About 95% of childhood diabetes is type 1, autoimmune and insulin requiring, said Dr Tim Barrett, Consultant Endocrinologist in Birmingham. Without insulin treatment, young people succumb to the complications of metabolic decompensation and diabetic ketoacidosis.

[ILLUSTRATION OMITTED]

Rarer types of diabetes exist, including MODY. Here there is often a family history of diabetes and the blood glucose may only be slightly raised.

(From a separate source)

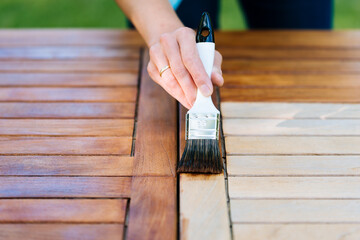 renovation of a garden table with a paintbrush and oil by a young woman on the terrace - 419679811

If in doubt, assume type 1 diabetes & treat with insulin

Type 2 diabetes is being seen increasingly in the larger centres, affecting people who are overweight or obese, often from ethnic minorities, and usually with a family history. Type 2 diabetes in young people manifests as part of the metabolic syndrome, and may present without symptoms or mimic type 1 diabetes with diabetic ketoacidosis. If there is any doubt, always assume type 1 diabetes and treat with insulin.

The management problems are different for young people. Firstly they are growing both physically and emotionally, and require frequent insulin adjustments to maintain normoglycaemia. In addition, the pubertal growth spurt coincides with increased insulin resistance, making glucose control more difficult.

Young people are moving towards independence and increased responsibility, often with travel to university for higher education. There is no cut-off age for handover that will suit everybody. It is important to be flexible over the age of transfer to adult care to suit the individual, and so that diabetes care remains a fixed point in a changing environment.